Estado do bem social x Estado mínimo: o velho dilema que divide o país

A crise fiscal voltou ao centro da disputa política em Brasília, reacendendo antigas divergências ideológicas e institucionais sobre o papel do Estado na economia. O debate, que deveria se concentrar em números, sustentabilidade orçamentária e planejamento de longo prazo, transformou-se em um embate político e partidário, em meio a trocas de acusações entre Senado, Câmara e governo federal. O estopim da vez é o projeto que amplia a isenção do Imposto de Renda (IR) para quem ganha até R$ 5 mil — medida de forte apelo popular, mas de alto custo para os cofres públicos.

A polêmica, porém, vai muito além da disputa técnica. Ela expõe o conflito entre dois modelos de Estado: o Estado social e interventor, que busca reduzir desigualdades por meio de políticas públicas, e o Estado mínimo e liberal, que aposta na eficiência do mercado e na redução da máquina pública.

De um lado, o governo Lula tenta equilibrar promessas sociais com responsabilidade fiscal, defendendo que o crescimento depende de inclusão e investimentos públicos. De outro, a oposição acusa o Planalto de sufocar o setor produtivo com impostos e de insistir num intervencionismo que desestimula o investimento privado e freia a economia.

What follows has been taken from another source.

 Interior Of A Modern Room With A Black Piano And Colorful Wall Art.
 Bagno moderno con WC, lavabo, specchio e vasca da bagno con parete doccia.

O impasse se repete em outros temas. A Câmara dos Deputados, por exemplo, retirou o aumento da taxação sobre as apostas online — medida que frustraria a expectativa de arrecadar cerca de R$ 17 bilhões. O episódio evidenciou não apenas a dificuldade em aprovar medidas de ajuste fiscal, mas também o enfraquecimento do diálogo entre os Poderes.

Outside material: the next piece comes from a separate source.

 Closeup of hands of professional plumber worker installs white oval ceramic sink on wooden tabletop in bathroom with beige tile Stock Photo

Enquanto Lula aposta em sua popularidade estável (48% de aprovação) e no apoio massivo da população à ampliação da isenção do IR (79% segundo pesquisas), o Planalto tenta conter o desgaste político e preservar uma agenda social até 2026. Já a oposição mira no discurso fiscalista: promete cortar gastos, reduzir impostos e privatizar estatais, com o argumento de gerar eficiência e atrair investimentos privados.

O contraste ideológico se reflete também no cenário latino-americano. Na Argentina, Javier Milei conduz um experimento radical de desmonte estatal, cortando subsídios e benefícios sociais. O resultado: queda da inflação, mas alta no desemprego e aumento da pobreza. Na Bolívia, Rodrigo Paz propõe o caminho do meio — um “capitalismo para todos”, com desburocratização e formalização do trabalho, sem abrir mão da redistribuição de renda.

O Brasil, por enquanto, parece dividido entre extremos. De um lado, o impulso por mais gastos sociais e políticas distributivas; de outro, o apelo por cortes e privatizações em nome da eficiência. O país carece de uma via intermediária — de um projeto nacional que una responsabilidade fiscal e sensibilidade social.

No fim, o impasse fiscal traduz o dilema histórico brasileiro entre o Estado protetor e o Estado enxuto, entre o presente social e o futuro econômico. Um embate que, a cada ciclo político, retorna ao centro da arena, sem que o país consiga encontrar o ponto de equilíbrio entre compaixão e racionalidade.